Without the pictures, write the listing out again exactly as it appears.

━━━ DATA EXCERPT ━━━

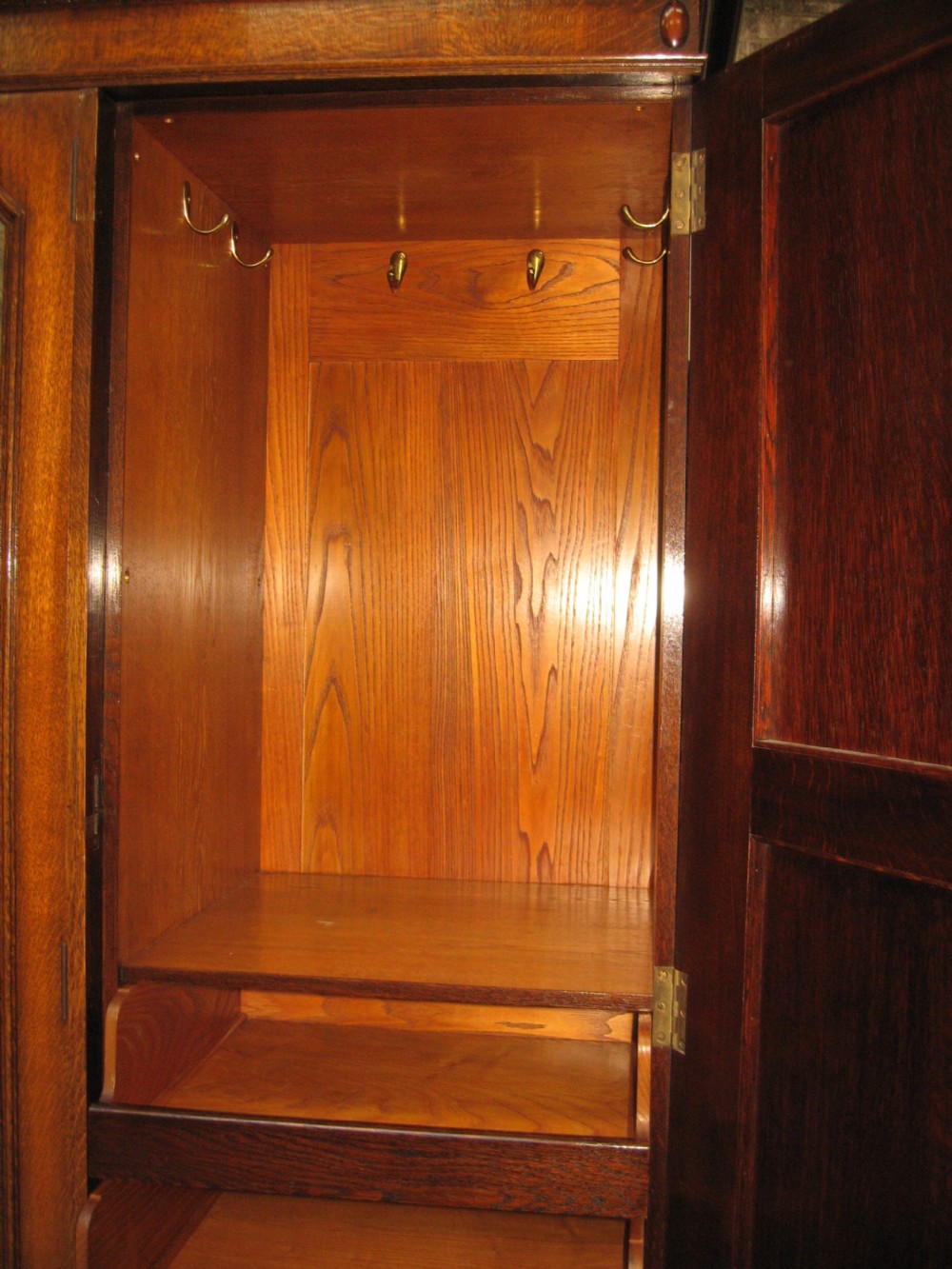 Large oak three door wardrobe View XII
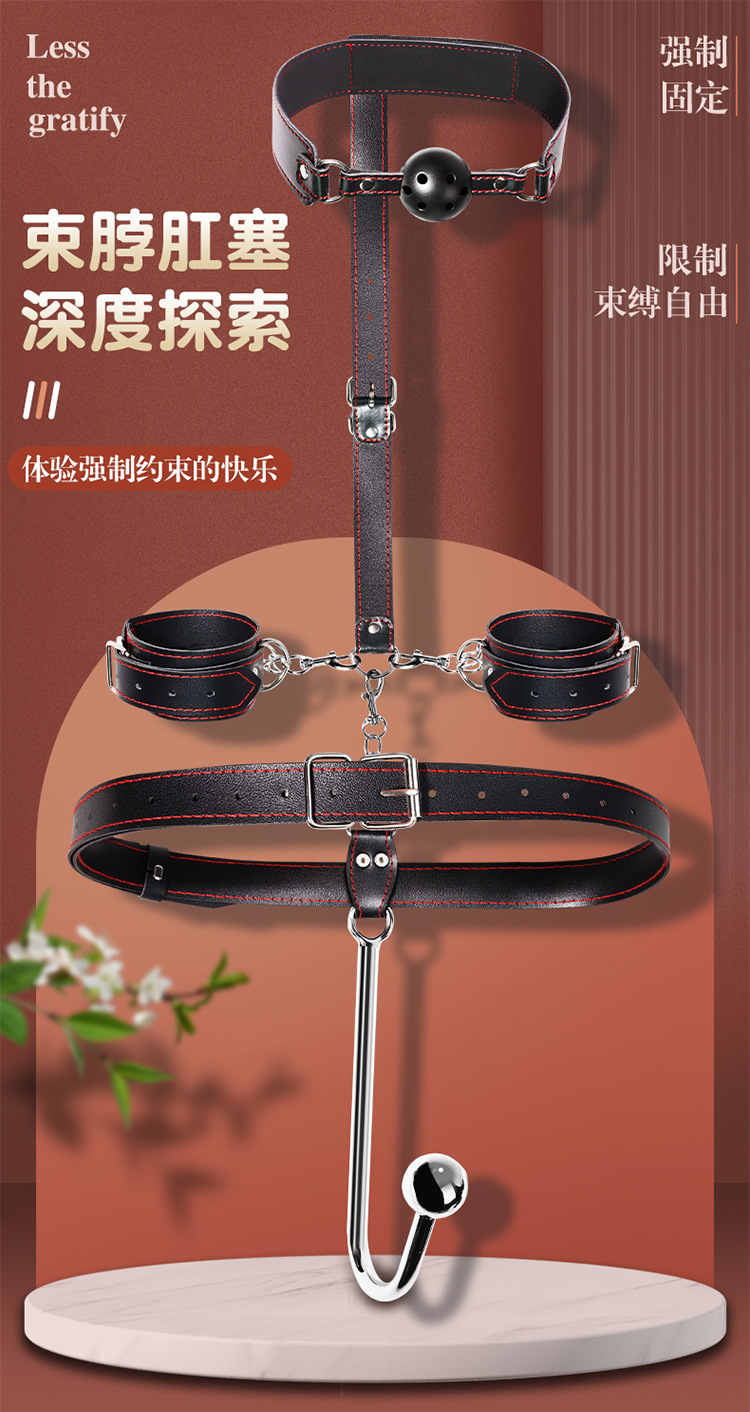 SM Bondage Restraint Set with Metal Handcuffs, Mouth Gag and Leather Straps — detail image 17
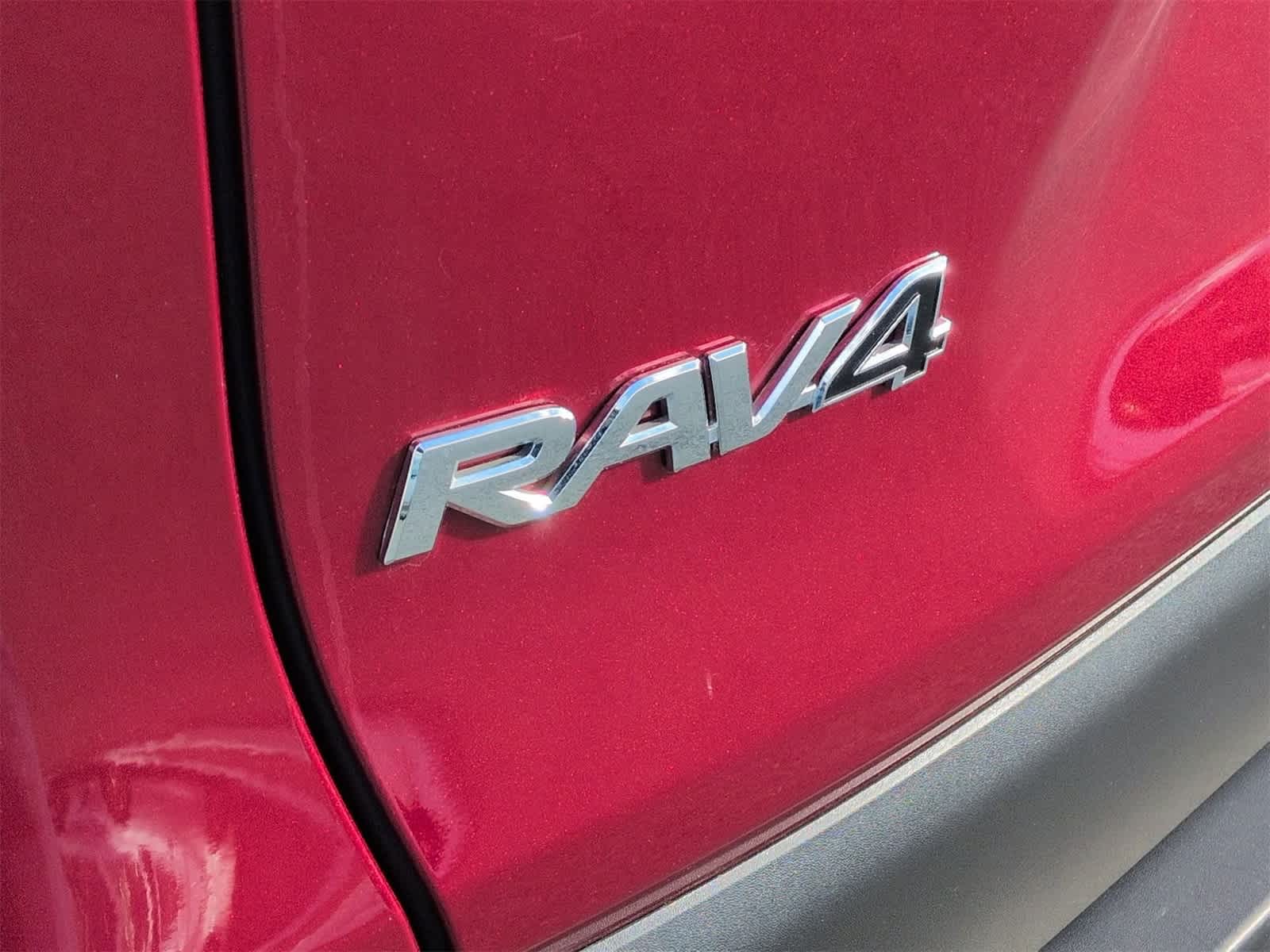 Thumbnail: 2022 Toyota RAV4 - 13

━━━

▸ **RESPONSE AREA**
 Large oak three door wardrobe View XII
 SM Bondage Restraint Set with Metal Handcuffs, Mouth Gag and Leather Straps — detail image 17
 Thumbnail: 2022 Toyota RAV4 - 13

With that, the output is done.